I think it’s true that we are generally harder on older kids because we are more worried about what is going to happen to them, while by the time we got to my youngest son we backed off and let him do things I would have never let my older kids do because I have faith now that everything will turn out all right. For example, I am not as worried about my youngest son beginning to learn to read because I am confident it will happen someday, just as it did for his older brother and sister.

They say the middle children are the most neglected and I could see how that could be true, but I am not as sure about that phenomenon in my own family. I know I was glad to have a second son after my daughter because I worried about her being a middle child. But as it turned out she is the only girl and I know that I’ll always have a tough time not paying any attention to her. Her personality also requires a lot of attention but I suppose one could make the argument this is because she is the middle child and she has learned to jockey for attention. In that sense being a middle child may have benefits for her because she has honed the skill of making sure that her wants and needs are satisfied.

While we have perhaps evaded some of the middle child issues, there’s no doubt we give special treatment to our youngest son, Adrian. Even writing his name I have an urge to write, ‘our baby Adriano,’ which just reinforces the point I am trying to make. He gets special treatment and we don’t hide it. As the youngest child myself I can own up to it. My mom and dad said the same thing to me all my life, even after my cheeks were rough with stubble and I had kids of my own – “You’ll always be our baby.” Now I know just how they feel.

The most prominent indicator of this special treatment for Adrian is the fact that we still allow him to come to our bed in the middle of the night. I know that we did not allow this with the other children due to the arrival of younger baby siblings. This means that both of them were required to sleep through the night in their own beds by the age of three. It was not easy turning away crying children in the middle of the night who simply did not want to be alone. It was heartbreaking in some sense because we were teaching them about abandonment and loss and loneliness but we had to do what we had to do at the time and we were also teaching them about independence. And the truth is there just wasn’t enough room in the bed when we already had an infant breastfeeding throughout the night there as well. There were strict orders not to come to our bed and little children were turned away with broken hearts. Now Adrian is five years old and he still comes to our bed in the dead of night, nearly every night. It’s actually kind of scary sometimes because I wake up in the middle of the night with him standing quietly by the bedside. He ends up there because he always asks if he can come sleep in our bed which I guess is left over from those old days when he needed our help to climb up into the bed and also I probably yelled at him a couple of times so he is trying to be really polite and not make me mad. Often times he is half asleep and mumbles his request to his sleeping parents and then waits in a sleepy daze for our response. As it is somewhere around 3:33 in the morning we are usually fast asleep or maybe we sort of hear him but we don’t acknowledge the reality of the question in our dreamy thoughts. He’ll just stand there by the side of the bed, a dark shadow waiting for an answer. I’ll wake up and feel weirded out like someone is watching me and then he nearly scares me half to death standing there like that by the side of the bed, all stealth.
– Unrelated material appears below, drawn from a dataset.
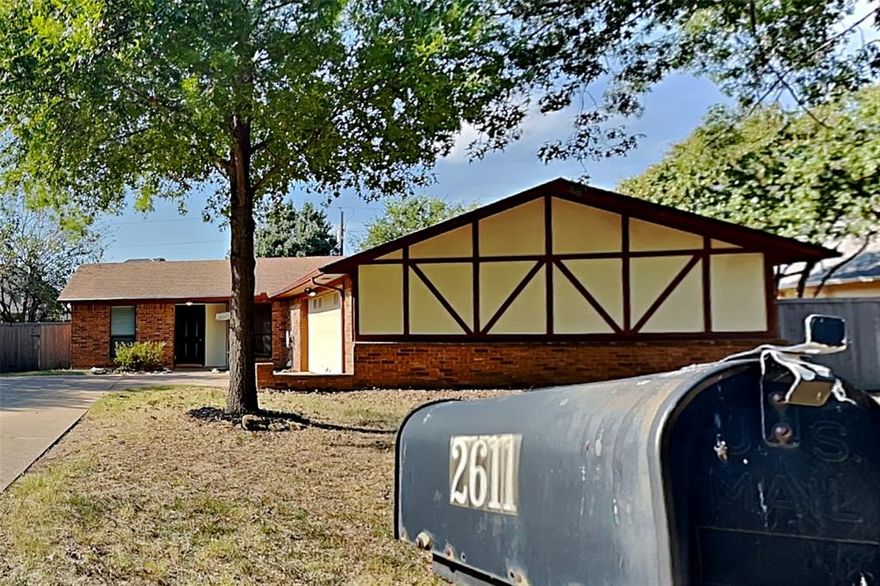 Charming 3 bed, 2 bath, 1,446 sqft home in Corinth! Open kitchen concept with updated counters. Primary suite with attached bathroom. Spacious backyard, great for gatherings! Pets accepted on a case by case basis. Additional admin fees apply. The Fireplace is decorative. Schedule your showing today! This home is as-is.
LEASE TERM:1-2 years  

This home may be located within a Homeowners Association (HOA) community. If so, residents will be responsible for adhering to all HOA rules and regulations. Please contact your agent or landlord's agent for more information.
“Yeah, come on,” I say, more irritated that he didn’t just climb into bed without disturbing anyone than the fact of him getting into bed with us.

Lately, I’ve thought about him going into kindergarten next year and wondered if it was finally time to get him out of our bed. Might some classmates might tease him if they knew that he still sleeps with his mommy and daddy? As of right now I don’t have the heart to refuse him quarter under our blankets and I’m pretty sure my wife doesn’t either. It’s hard to turn him away with those pathetic lonely tears and then he mopes back to his own bed to cry himself to sleep by himself in a dark room. The truth is I may just let him come to our bed as long as he wants to, which could be a very long time, because in my mind he’ll always be my baby.